Unconstrained Scene Generation with Locally Conditioned Radiance Fields
authors Terrance DeVries, Miguel Angel Bautista, Nitish Srivastava, Graham W. Taylor, Joshua M. Susskind
We tackle the challenge of learning a distribution over complex, realistic, indoor scenes. In this paper, we introduce Generative Scene Networks (GSN), which learns to decompose scenes into a collection of many local radiance fields that can be rendered from a free moving camera. Our model can be used as a prior to generate new scenes, or to complete a scene given only sparse 2D observations. Recent work has shown that generative models of radiance fields can capture properties such as multi-view consistency and view-dependent lighting. However, these models are specialized for constrained viewing of single objects, such as cars or faces. Due to the size and complexity of realistic indoor environments, existing models lack the representational capacity to adequately capture them. Our decomposition scheme scales to larger and more complex scenes while preserving details and diversity, and the learned prior enables high-quality rendering from viewpoints that are significantly different from observed viewpoints.
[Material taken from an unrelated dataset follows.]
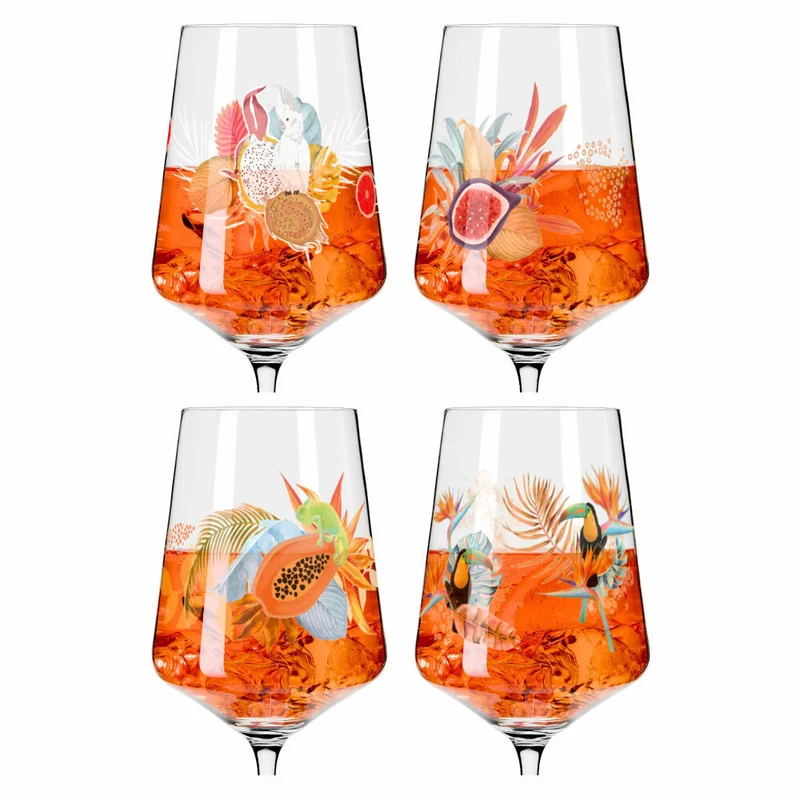 Ritzenhoff Aperizzo Sommerrausch F24, 4er Set, T. Kuhlmann, R. Richter, Aperitifglas , Kristallglas, 544 ml, 6051004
When compared to existing models, GSN produces quantitatively higher-quality scene renderings across several different scene datasets.
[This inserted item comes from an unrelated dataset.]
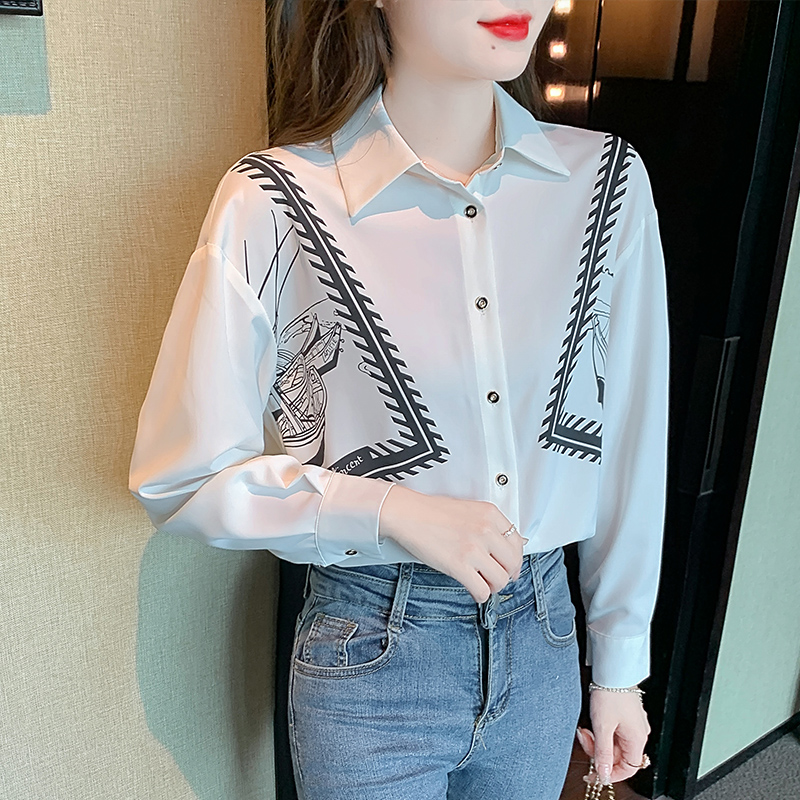 Spring and autumn lapel shirt temperament tops for women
People have an innate capability to understand the 3D visual world and make predictions about how the world could look from different points of view, even when relying on few visual observations. We have this spatial reasoning ability because of the rich mental models of the visual world we develop over time. These mental models can be interpreted as a prior belief over which configurations of the visual world are most likely to be observed. In this case, a prior is a probability distribution over the 3D visual world.